Old traditions die hard. That's probably the only way to explain why the Locke-Ober Cafe, one of Boston's oldest, proudest dining traditions, continues to thrive, defying the dictates of discriminating taste and classical economics.
It has a long and colorful heritage It has a wealthy and powerful patronage. It serves singularly unexceptional food, and it masks ordinary fare with extraordinary prices. If Locke-Ober's legendary stature is unrivaled, it is also without contemporary culinary foundation.
The specialty of the house at 3 and 4 Winter Place, on the fringe of the city's Combat Zone, is mystique. Established in 1875, the downstairs men's bar at Locke-Ober remains the definitive smoke-filled room, a place where deals are struck and expense accounts are expended.
It almost goes without saying that this venerable institution has ancient and enduring ties to another organization with tradition on the brain--Harvard.
When the Crimson falls to Yale's Bulldogs, the restaurant's portrait of a naked "Madame Yvonne" is draped in black as if to hide her shame from the guests.
Perhaps partly because of Madame Yvonne's allure, Locke-Ober remains a favorite haunt for pseudo-sophisticates caught in a time warp between prehistoric and modern Boston, between the 18th century void and the glittering array of gastronomical alternatives now twinkling throughout the city.
And Locke-Ober remains a seductive trap for well-intentioned parents visiting from out of town, eager to entertain their malnourished college students. When uninitiated Mom and Dad from Weehauken decide to splurge on An Evening at Locke-Ober, cold, cruel reality intrudes on myth, and expectations are bound to be disappointed.
The first dashed expectation is that dining at Locke-Ober is an elegant experience. Both the service and the setting are less than refined and hardly rarified. Locke-Ober's several dining rooms run the gamut from gaudy to inhospitable, and despite the restaurants alleged character, ambience is an elusive commodity.
In the downstairs men's bar, tables are decoratively adorned with baskets of crackers--the kind that come with airline food, wrapped in cellophane.
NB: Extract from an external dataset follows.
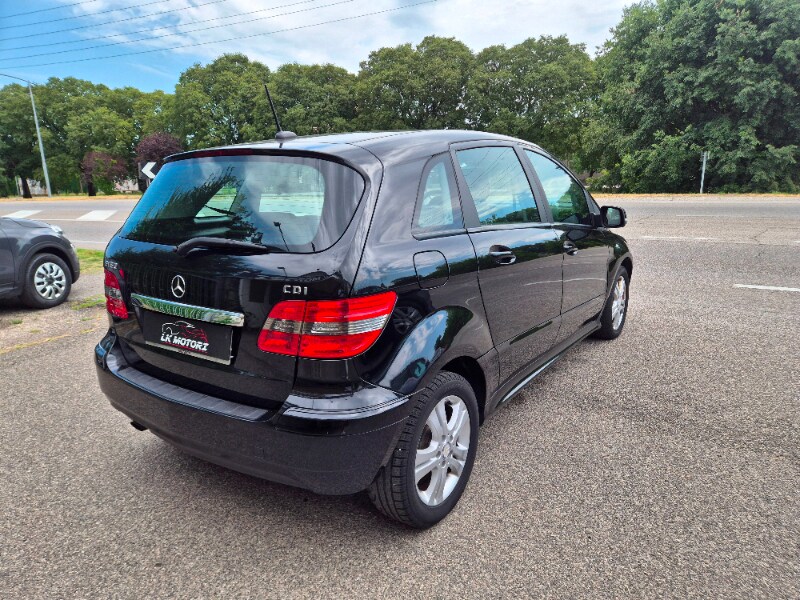 MERCEDES Classe B     (T245) B 180 CDI Executive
An incessant din reverberates off the uncarpeted floor and the exposed plumbing, making intimate conversation an ambitious undertaking. The waiters, who are at times inattentive, seem to seem to give newcomers the short end of a double standard.
The second dashed expectation, which probably defied reason to begin with, is that Locke-Ober's food somehow will be worth the money. The extensive menu of continental dishes makes no claims to creativity, but the prices make false pretentions of excellence.
On a recent visit, a $22.50 slice of red, utensil-repellent beef purported to be a medium well-done filet mignon. A paltry serving of sickly-looking lamb chops masqueraded as a rack of lamb (quote pretentious name from menu). A selection of fish dishes were uniformly dry and disappointing. A side order of hollandaise sauce could have come from your grocer's freezer. A self-professed lobster bisque was decidedly lean on the lobster.
"The proof is in the pudding," a wise man once said, but even the Indian Pudding paled next to mom's. And the list of grievances goes on.
The restaurant's one unimpeachable dish was its rich and famous concoction, Lobster Savannah, which exceeded all expectations for a mere $39.50.
Any and all of the aforementioned shortcomings might be overlooked at Valle's, but they are brazen insults at Locke-Ober, where $20 entrees (with vegetables a la carte), $10 appetizers, and $4 desserts are standard fare. The presumptuous price-tags only spoil the appetite and increase the probability of indigestion.
For the Locke-Ober diner, money is no option, loyalists might proffer.
For the discriminating diner, money will remain an option as long as Locke-Ober continues to regard quality as optional.